Symptoms of anemia include:

  • fatigue
  • a pale appearance to the lining of lower eyelids
  • heart palpitations
  • fast or irregular heartbeats
  • faintness and breathlessness
  • hair loss
  • easy bruising
  • dizziness
  • long or unusually heavy menstrual periods

Iron supplementation is commonly prescribed for people with anemia. For more severe cases, a blood transfusion may be required.

In addition, changes in diet are known to help. This includes eating foods high in vitamin C, eating more red meat, and increasing dietary fiber to prevent constipation.

Hemochromatosis and Hypothyroidism

Hemochromatosis is rare but is more common in people with hypothyroidism, typically affecting those 40 to 60 years of age.

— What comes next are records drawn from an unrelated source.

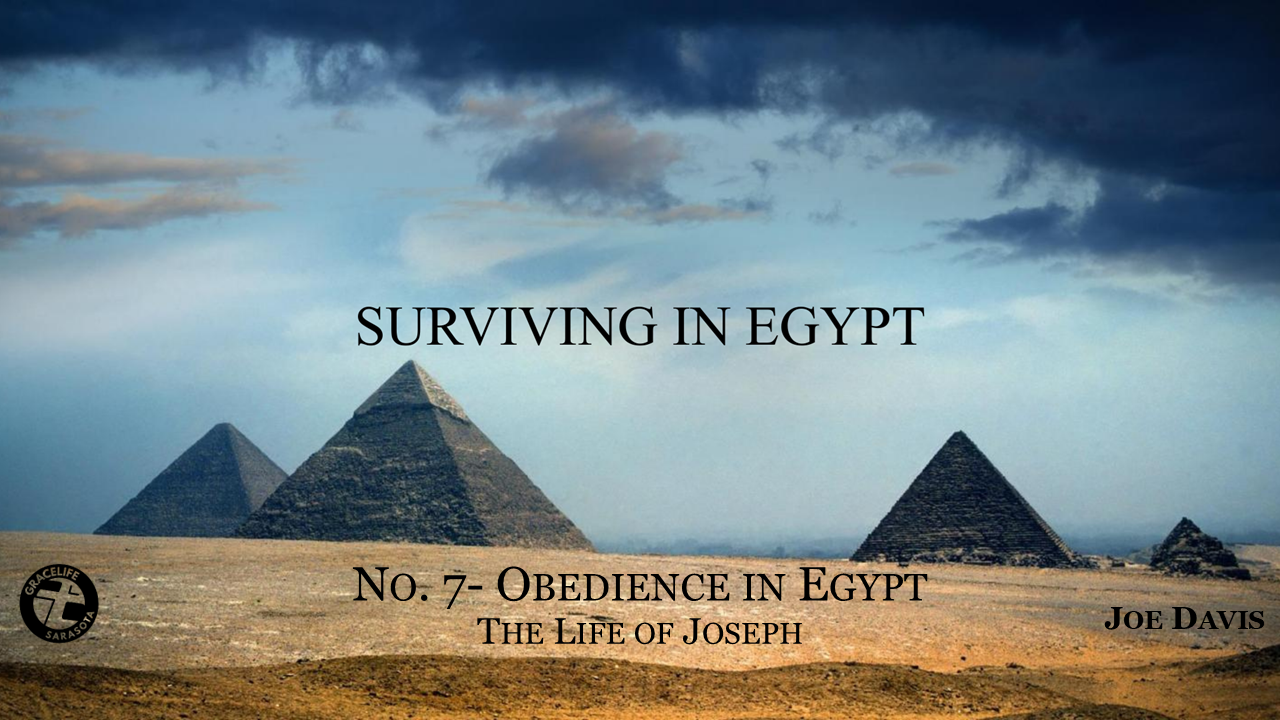 Surviving In Egypt (Life of Joseph) No.7- Obedience in Egypt episode artwork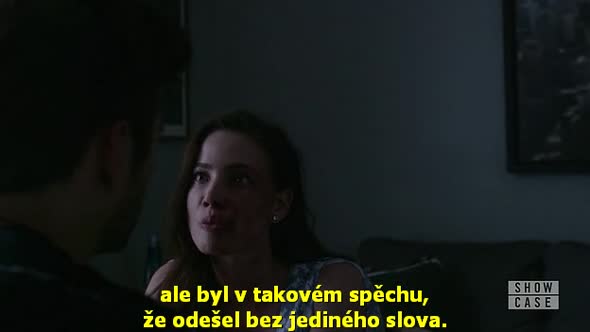 Náhled Mr. Robot.S02E12.CZ titulky.HDTV.avi (7)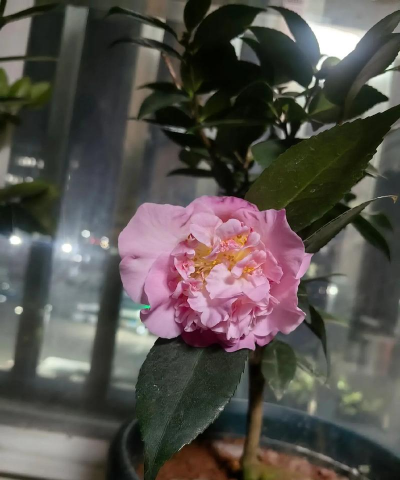 爱养花菇凉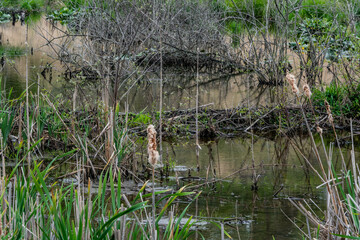 Beaver Dam on the Battlefield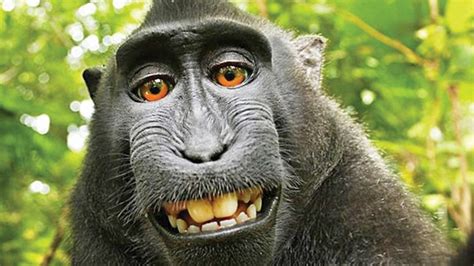 Nombran Personalidad Del Año Al Mono Que Se Tomó Una Selfie T13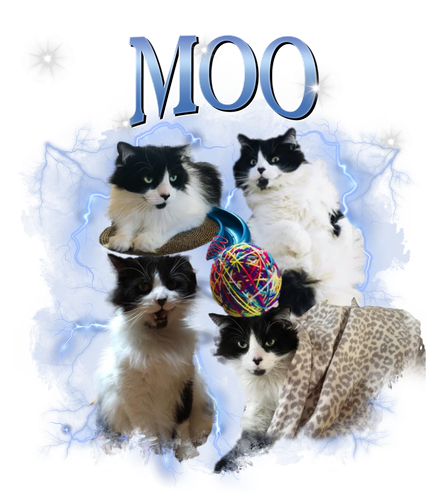 moo.png
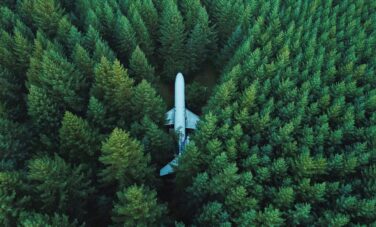 Avion dans une foret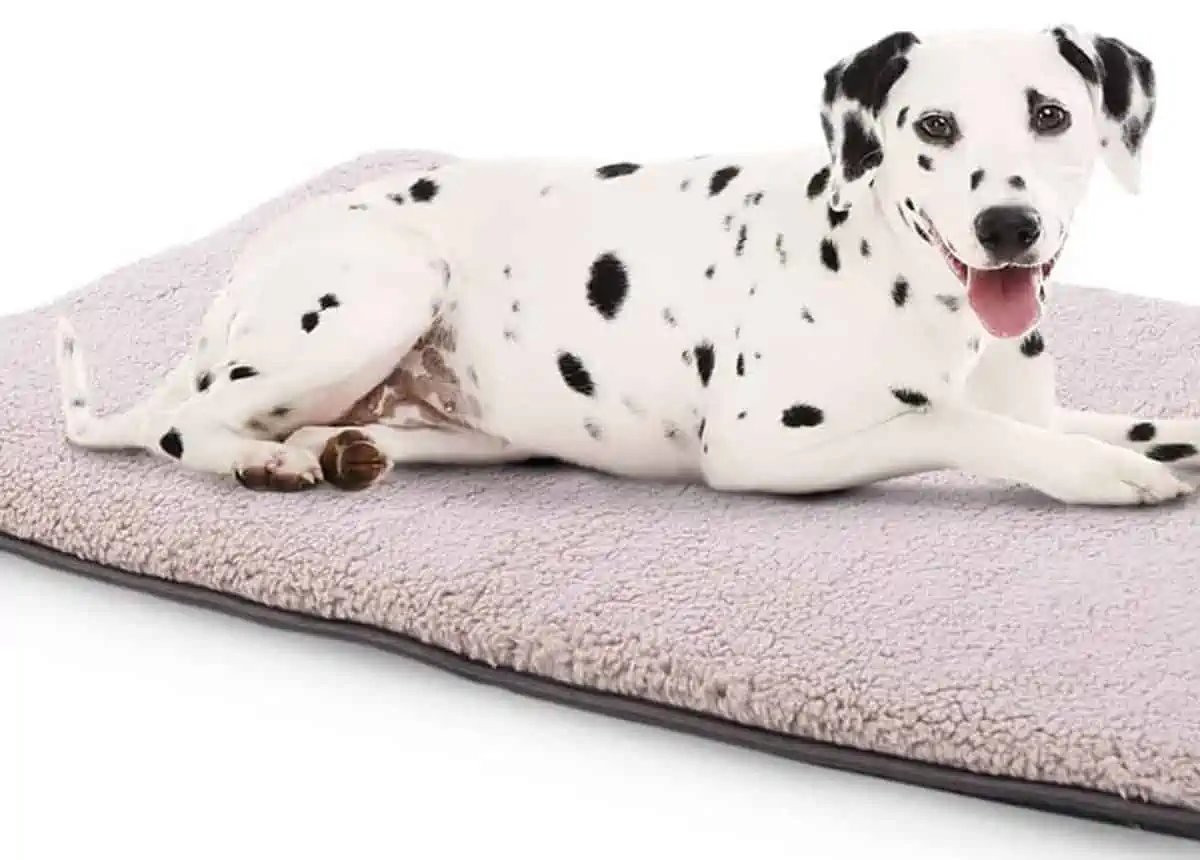 Brunolie Finn – Hundedecke, geruchsneutral Größe M (100 x 70 x 5 cm) Beige für 11,89 € inkl. Prime-Versand (statt 37,99 €)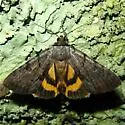 Sordid Underwing - Hodges#8846 - photo 3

Hemochromatosis is a genetic disorder, also known as iron overload disease, where excessive amounts of iron are absorbed from food. As the iron begins to accumulate in the liver, heart, and pancreas, it can cause damage to the organs and lead to liver disease, heart disease, and the development of diabetes.

Despite its rarity, hemochromatosis is considered the most common genetic disorder in the U.S. with an estimated 37 million " silent carriers" Of these, as many as three million are at risk for developing symptomatic disease.

In addition to the genetic factors, some experts believe that hemochromatosis also has an autoimmune component, which would explain why there is a higher rate of the disease in people with hypothyroidism.

Symptoms of hemochromatosis include:

  • chronic fatigue
  • arthritis-like pain in joints, particularly the two middle fingers
  • loss of libido and impotence
  • early absence of menstrual periods
  • darkening of the skin
  • generalized weakness
  • redness in the palms
  • abdominal pain
  • shortness of breath
  • heart arrhythmia (uneven beats)
  • depression
  • elevated blood sugar

Treatment for hemochromatosis includes doctor-supervised therapeutic phlebotomy in which blood is routinely drawn to remove excess iron.


Mehmet, E.; Aybik, K.; Ganidagli, S.; et al. "Characteristics of anemia in subclinical and overt hypothyroid patients" Endocrine Journal. 2012; published online ahead of print December 27, 2011.

Barton, J. and Barton, J. "Autoimmune Conditions in 235 Hemochromatosis Probands with HFE C282Y Homozygosity and Their Relatives." Journal of Immunology Research. 2015; article 435046:1-11.